Result: “Price certainty” turns into a pile of change orders.


The hidden risks are far from abstract--they can really eat into your time and budget.

  • Missed milestones and procurement re-approvals: Upgrades to the OP Stack proof system have thrown a wrench in current withdrawals across different chains. Now, you’ll need to re-validate your flows, which means re-testing bridges and L2 messaging during those transitions. This is the kind of schedule shake-up that didn't make it into your SOW pricing. (help.superbridge.app)
  • Security exposure is measurable: In 2024, crypto platform hacks resulted in a staggering $2.2 billion in losses, and state-linked APTs ramped up theft even more in 2025. Your board is reading those reports and is going to want to see solid, verifiable controls in place. (chainalysis.com)
  • Cost model drift: After EIP-4844, L2s are now routing data through blob gas markets, which are separate from the L1 base fee. This is fantastic for users but can really mess with those fixed gas budgets if your setup was based on calldata and is now hitting blob-fee spikes during busy times. (blog.ethereum.org)
  • ZK proof economics are changing: The examples released by Polygon CDK show that proving costs per transaction can be just a fraction of a cent using certain GPU/CPU spot instances. However, these are operational assumptions you'll need to double-check in your TCO and SLAs. (docs.polygon.technology)
  • Compliance lag is a delivery risk: Remember, auditors will assess SOC 2 description criteria and how controls operate over time, not just at a single moment. Plus, with ISO 27001:2022 changing annex mappings and NIST 800-53 Rev.5 now including privacy and SCRM, you could end up with more tasks, artifacts, and time delays than expected. (aicpa-cima.com)

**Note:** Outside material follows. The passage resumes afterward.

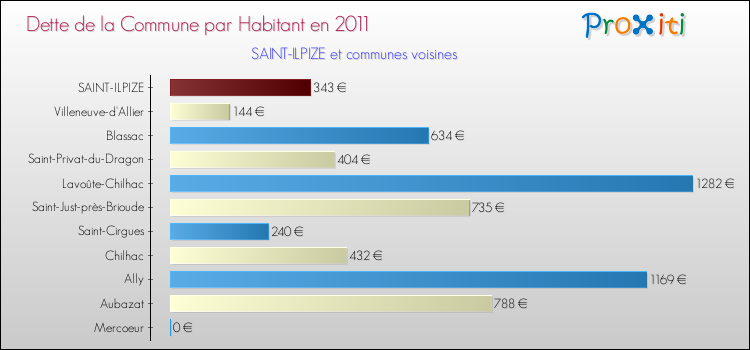 Dette par habitant de la commune en 2011 pour SAINT-ILPIZE et les communes proches Comparaison de la dette par habitant de la commune en 2011 pour SAINT-ILPIZE et les communes voisines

You can see the pattern here: budget overruns, months of re-baselining, and a rocky relationship with your vendors.


7Block’s “Technical but Pragmatic” Pricing: Tailored for Chain Volatility and Enterprise Governance

When it comes to pricing, 7Block takes a unique approach. Their “Technical but Pragmatic” pricing model is designed to handle the ups and downs of chain volatility while ensuring solid enterprise governance. This means they're not just throwing out random numbers, but rather creating a system that works in real-world scenarios.

Key Features:

  • Adaptable Structure: 7Block’s pricing is flexible enough to change with market conditions, making it easier for businesses to stay afloat during turbulent times.
  • Governance Focus: The model also emphasizes governance, ensuring that all pricing decisions are backed by solid principles that promote accountability and transparency.

By combining technical precision with practical applications, 7Block is making sure that their pricing strategy is not only effective but also user-friendly.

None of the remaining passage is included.